Have you ever suspected that your employee has given you an excuse too rehearsed or provided a doctor’s note a bit too slick in support of their leave of absence? Don’t be fooled: they actually might be paying for the excuse.

Just when we thought we’d seen it all. According to a report from the St. Paul Pioneer Press, for a mere $54, your employees can pay a “deception service” to provide a white lie or alibi to support their request for a day off.

One of the businesses responsible for these tales of woe is Paladin Deception Services.

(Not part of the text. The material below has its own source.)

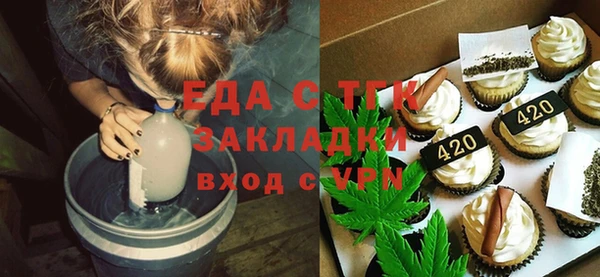шишки Тобольск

For what some might say is a reasonable $54 fee, this deception company will return a phone call to an employer to vouch for a ficticious doctor’s appointment or support a case of the sniffles.  The sole purpose of this service is to dupe employers into believing the employee’s request is legit.  Says Paladin on its deception web site, the company “will will provide the white lie or alibi that you need regardless the reason, as long as it’s important to you.”

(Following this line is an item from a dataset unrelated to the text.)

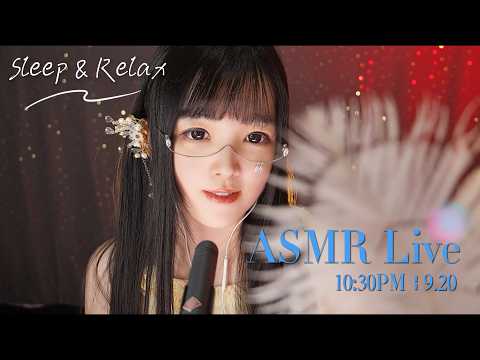 【ASMR 少寒Shine】[LIVE] ASMR Sleep 🌙 9/20• 10:30PM •  深夜助眠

With its moral compass intact, Paladin is quick to point out that there are some lines even this deception company won’t cross.  For instance, it apparently will decline making make false statements or provide fictitious references to law enforcement agencies, courts, banks, medical institutions, government agencies or fire departments.

Well, that’s is a relief, isn’t it!?!

Nevertheless, for the rest of us employers who seemingly are open game, it gives us yet another reason to be concerned about our employees’ sick leave excuses.  Yet, there are many tools available to employers to weed out these tall tales: 1) ask questions of the employee up front to determine whether FMLA might apply; 2) require completion of a leave of absence form that the employee (not the fake doctor) must complete; 3) authenticate and/or clarify the FMLA certification so that you can confirm that the health care provider and reasons for leave are legit; 4) where you have reason to doubt the FMLA certification, use the second and third opinion process; and 5) where an employee’s return to work is a question mark and the information from the employee is fishy, keep in mind my suggestions for seeking an independent medical examination.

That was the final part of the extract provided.